*** Opening of Recorded data ***

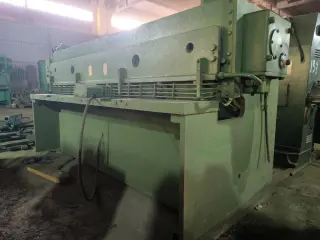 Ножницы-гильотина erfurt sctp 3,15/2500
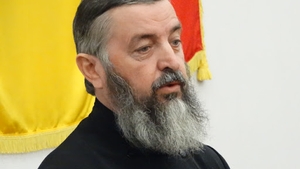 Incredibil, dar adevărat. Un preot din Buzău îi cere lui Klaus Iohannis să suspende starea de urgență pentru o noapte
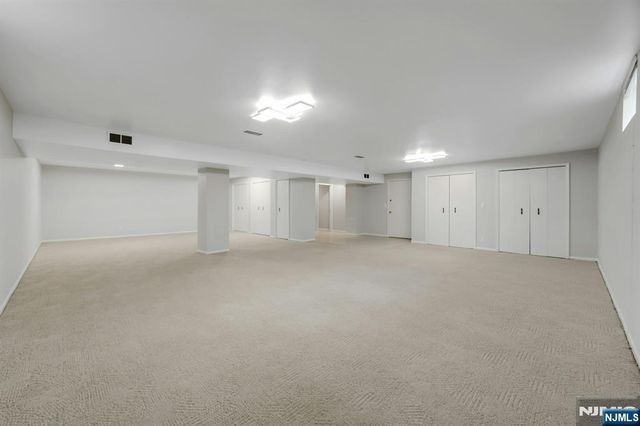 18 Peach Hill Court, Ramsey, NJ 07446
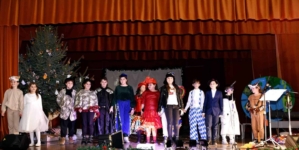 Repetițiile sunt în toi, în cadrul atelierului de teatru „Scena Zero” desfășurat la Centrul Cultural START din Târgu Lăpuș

*** Close of Recorded data ***

◆ What is required
What is needed here is each line above set down word for word, minus the images.

◆ Solution for this task
 Ножницы-гильотина erfurt sctp 3,15/2500
 Incredibil, dar adevărat. Un preot din Buzău îi cere lui Klaus Iohannis să suspende starea de urgență pentru o noapte
 18 Peach Hill Court, Ramsey, NJ 07446
 Repetițiile sunt în toi, în cadrul atelierului de teatru „Scena Zero” desfășurat la Centrul Cultural START din Târgu Lăpuș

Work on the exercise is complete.